Task to carry out:
Omit every picture while repeating the entries exactly.

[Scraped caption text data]
○ ○ ○

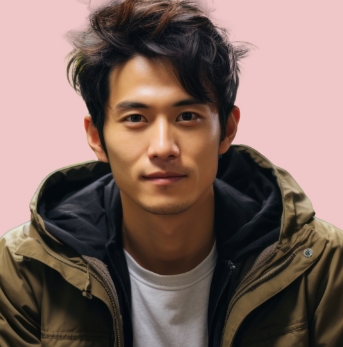 Aesthetic Medicine Trends 2024.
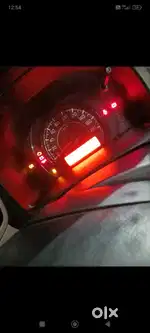 Driver job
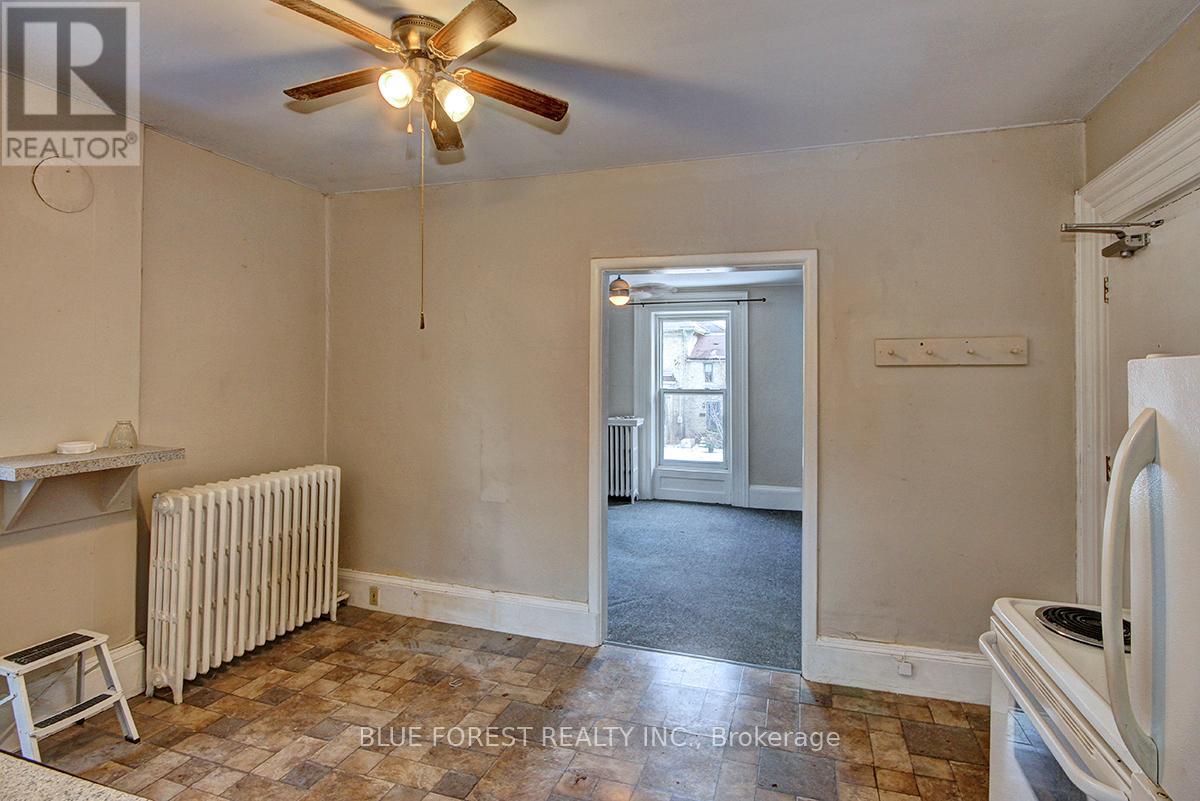 7 Church Street, St. Thomas, Ontario  N5R 3E4 - Photo 19 - X12688396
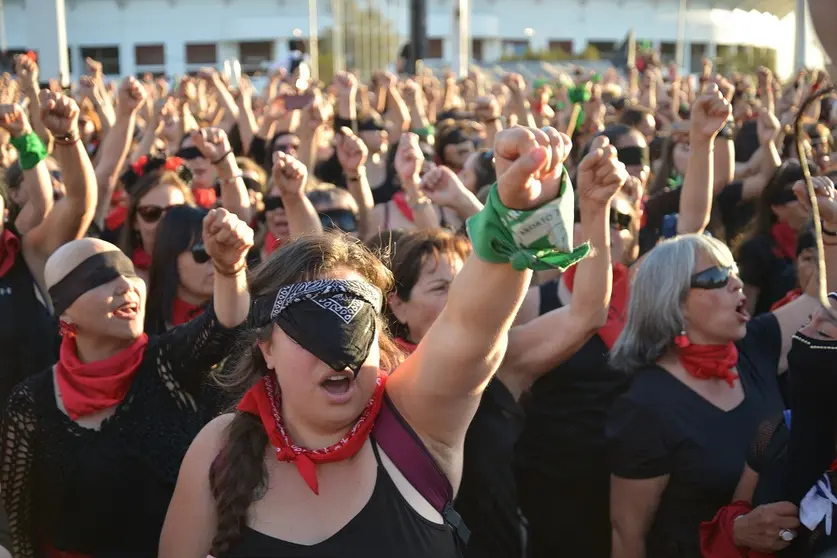 feminismo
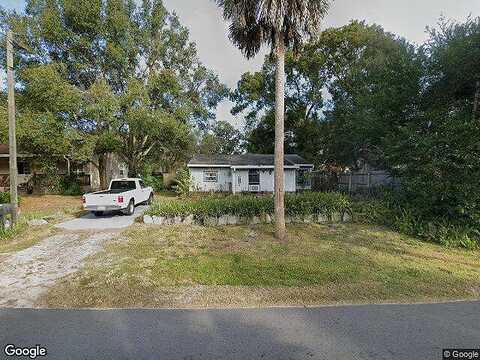Graves, ORANGE CITY, FL 32763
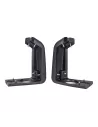 BUMPERETTES OUVERTES SAHARA BAR ARB - accessoire 4x4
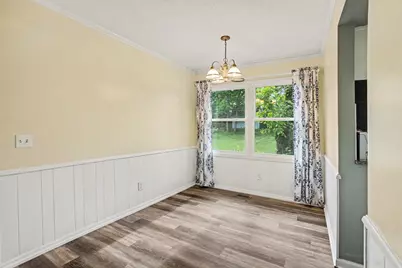 7737 Andrea Lane, Portage, MI 49024 - Photo 15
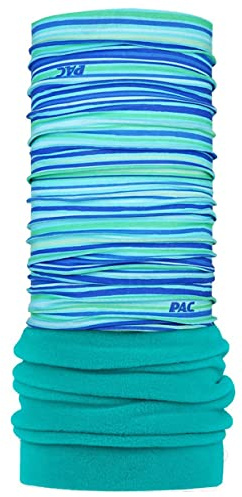 P.A.C. PAC Kids Recycling Fleece
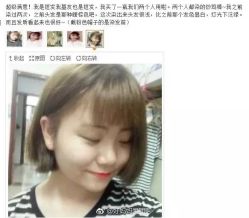 点击看大图 -KIMI HAIR SALON·烫染设计店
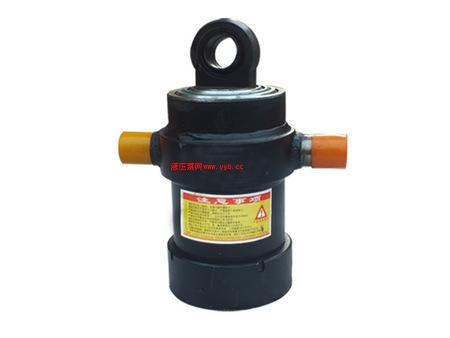 ����Һѹ�͸ס��͸���������||�͸�����||˫���͸ס�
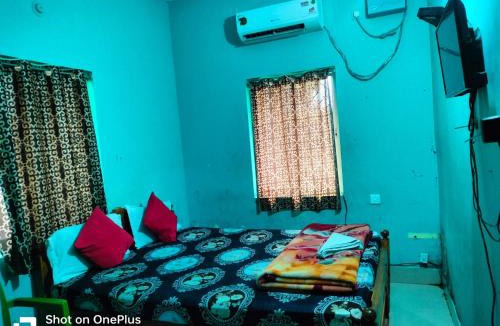 Patia Hotel | Gooroomgo Nandan Residency Bhubaneswar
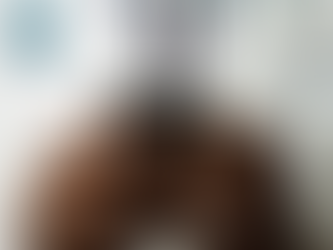 What Does a Medical Device Consultant Do?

○ ○ ○

Solution to the exercise:
 Aesthetic Medicine Trends 2024.
 Driver job
 7 Church Street, St. Thomas, Ontario  N5R 3E4 - Photo 19 - X12688396
 feminismo
Graves, ORANGE CITY, FL 32763
 BUMPERETTES OUVERTES SAHARA BAR ARB - accessoire 4x4
 7737 Andrea Lane, Portage, MI 49024 - Photo 15
 P.A.C. PAC Kids Recycling Fleece
 点击看大图 -KIMI HAIR SALON·烫染设计店
 ����Һѹ�͸ס��͸���������||�͸�����||˫���͸ס�
 Patia Hotel | Gooroomgo Nandan Residency Bhubaneswar
 What Does a Medical Device Consultant Do?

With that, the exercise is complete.